Произведя это вычисление, он как бы очнулся и воскликнул:
- Бога ради, зачем я трачу приятные минуты на разговоры о таких низменных вещах…
- Пожалуйста, пожалуйста, - перебила его с живостью Эмма, ведь вы мой единственный друг и покровитель. А все прежние друзья и знакомые покинули меня, едва только мой Игнатий закрыл глаза. Только ты, Стась, не забыл меня и покидаешь веселое и блестящее общество, чтобы навестить и утешить бедную отшельницу!
Слезы снова выступили у нее на глазах, и она протянула руку своему молодому родственнику.
- Ты носишь фамилию моего бедного Игнатия, - прошептала она. - Ты сын дорогого Болеслава, с которым я провела так много приятных минут… к тому же я чувствую, что у нас родственные души и ты способен понять ту безотчетную тоску и безутешную скорбь, которые…
- О да, да! - с жаром целуя руку Эммы, поспешил оборвать ее излияния Стась. - Да, я способен понять… Во мне вы найдете такую же родственную душу, как у моего покойного отца. Я помню, отец всегда говорил: "О, какое прелестное, воздушное создание жена моего брата! Зефир!"
В глазах у Эммы уже не было и следа слез. Она весело смеялась:
- Да, да! Неужели ты помнишь, что Игнатий и вся его родня называли меня "Зефир"? О, какая у тебя хорошая память! Впрочем, это было не так уж давно… - добавила она тише. - Когда я жила в доме у родителей, меня называли Сильфидой…
- Почему? Расскажите, пожалуйста, тетушка, почему? - наивно спросил гость.
Эмма чуть-чуть покраснела и невольно скользнула взглядом по своей фигуре.
- Я всегда была такой стройной, хрупкой… - прошептала она.
- Ага! - подтвердил Стась, но он заметно приуныл. Под наплывом каких-то неприятных мыслей веселость его угасала.
- Тетушка, - начал он, - зачем вы поместили свои деньги у Ролицкого?.. Он их держит в билетах, и вы получаете очень маленькие проценты…
- О! - перебила Жиревичова. - Я в этом ничего не понимаю…
- Зато я понимаю и говорю вам, что вы совершенно напрасно теряете большой доход.
Он посмотрел в окно и как бы вскользь заметил:
- Теперь выгоднее всего помещать деньги под залог помещичьих имений…

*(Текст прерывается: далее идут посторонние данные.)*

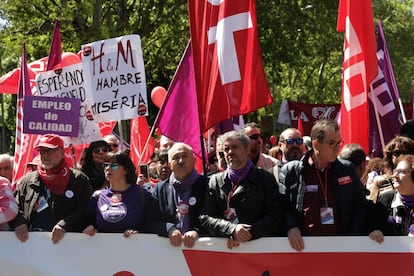 Los secretarios generales de CCOO, Unai Sordo (3d), y UGT, Pepe Álvarez (3i), encabezan la manifestación celebrada en Madrid.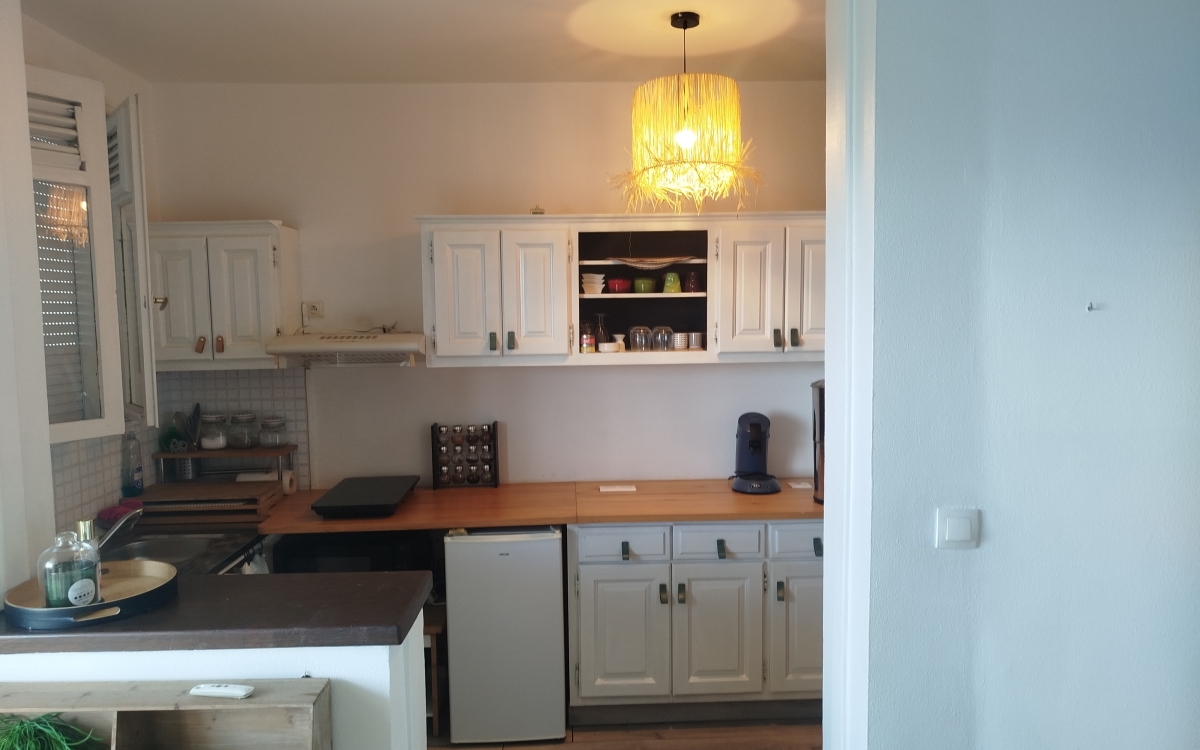  POINTE a PITRE F1 meubl&eacute; &eacute;tat neuf VUE MER  130000&euro;FAI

- О, помещики… это, конечно, вернее, - согласилась Эмма.
- Вот именно, я даже хотел спросить, не поместите ли вы эти три тысячи под залог моего имения?

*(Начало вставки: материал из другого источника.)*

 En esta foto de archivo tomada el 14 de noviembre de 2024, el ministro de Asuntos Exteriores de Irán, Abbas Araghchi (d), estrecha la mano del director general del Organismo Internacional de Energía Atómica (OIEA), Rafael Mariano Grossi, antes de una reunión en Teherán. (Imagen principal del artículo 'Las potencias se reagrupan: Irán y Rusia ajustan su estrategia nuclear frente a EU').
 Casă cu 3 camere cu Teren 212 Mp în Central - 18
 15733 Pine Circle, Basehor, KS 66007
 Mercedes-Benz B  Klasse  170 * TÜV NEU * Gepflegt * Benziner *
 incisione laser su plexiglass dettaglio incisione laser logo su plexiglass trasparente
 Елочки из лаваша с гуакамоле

- Mais comment! - вскричала она. - С удовольствием! Почему ты мне раньше не сказал?
- Да так… Мне было как-то неудобно… mea culpa! Я не выплатил еще проценты ни Лопотницкой, ни вам…
- Пустяки! Пустяки! Об этом и говорить не стоит! - ответила Эмма, беспокойно озираясь. Нетрудно было догадаться, что вопрос о процентах волновал ее меньше, чем незавешенная плита.

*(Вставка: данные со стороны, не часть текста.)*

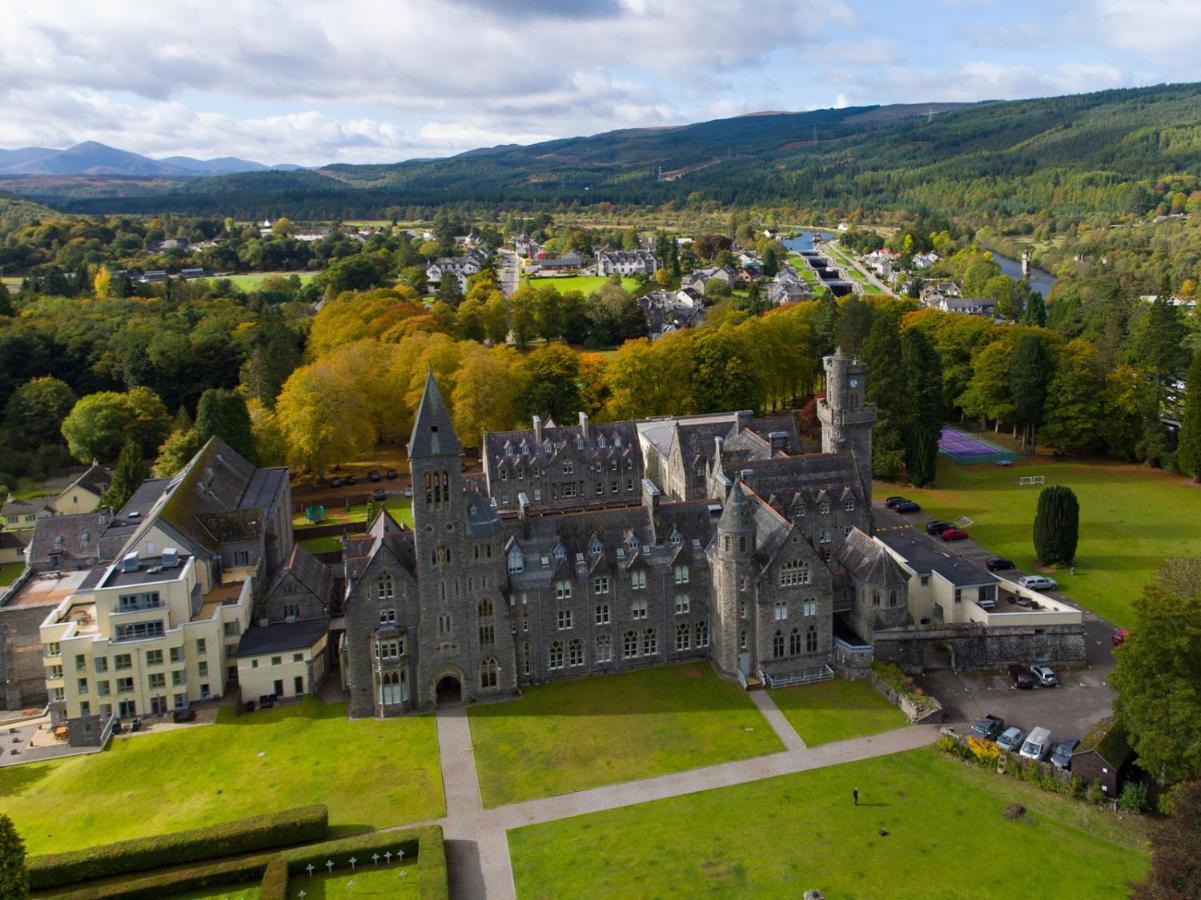 Loch Ness Moat House Apartments حصن أوغسطس المظهر الخارجي الصورة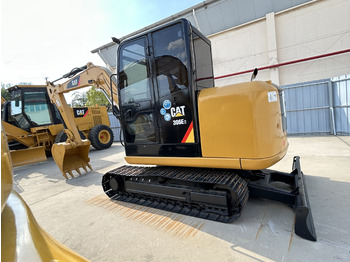 Mini escavadeira CATERPILLAR 306E2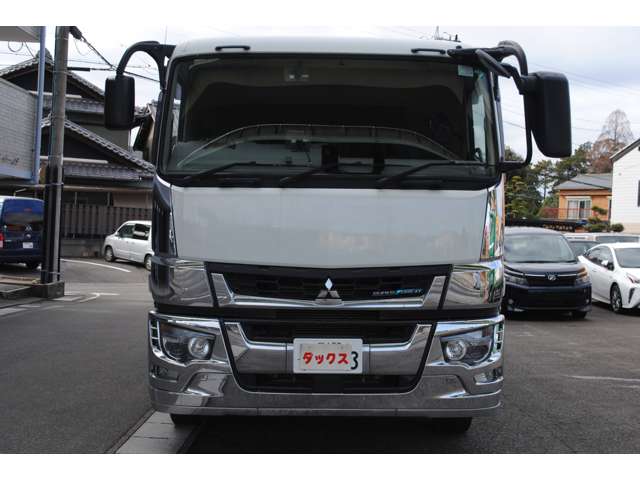Mitsubishi Fuso Super Great 5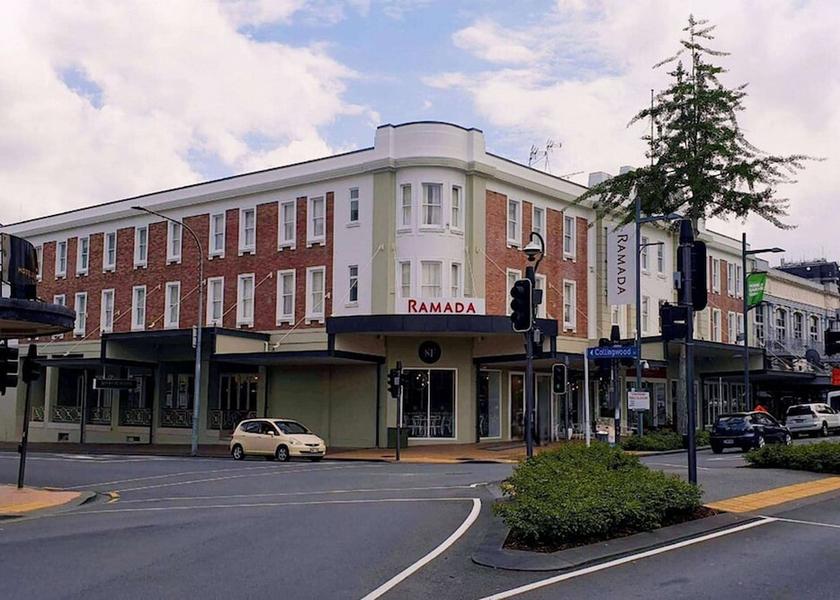Waikato Hamilton Exterior Detail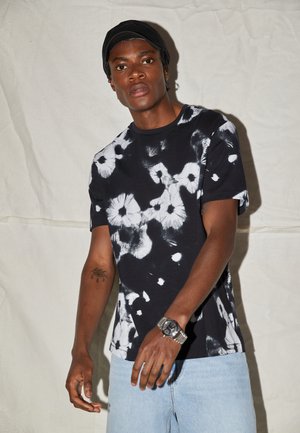 FLOWER COMFORT - T-shirt con stampa - black/white
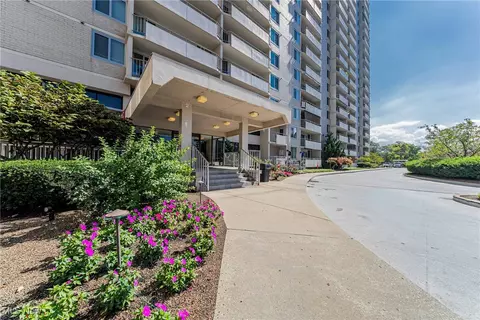 12900 Lake Ave #214, Lakewood, OH 44107
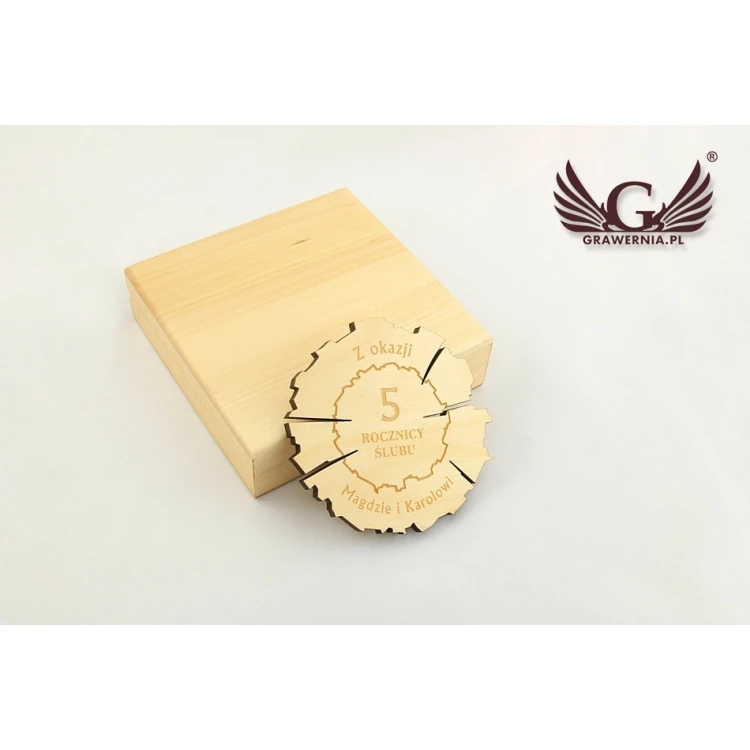 Holzmedaille zum 5. Hochzeitstag (aus Holz) in einer Holzkassette - helle Farbe - MGR011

- Теперь очень трудно вести хозяйство, - продолжал гость. - Расходы и расходы… и не может же человек в самом деле заживо похоронить себя в деревне.
- Конечно! Похоронить себя в деревне! Бррр!
Она вздрогнула с явно непритворным отвращением.
- Итак, если вы хотите и можете…
- Mais comment donc! Хочу и могу!
- Merci, merci! - с чувством сказал Стась и несколько раз поцеловал ее руку.
- Пойдем сразу же, не откладывая, к Ролицкому, - сказала вдова и хотела было уже подняться с диванчика, как вдруг со двора донесся раздраженный, резкий женский голос.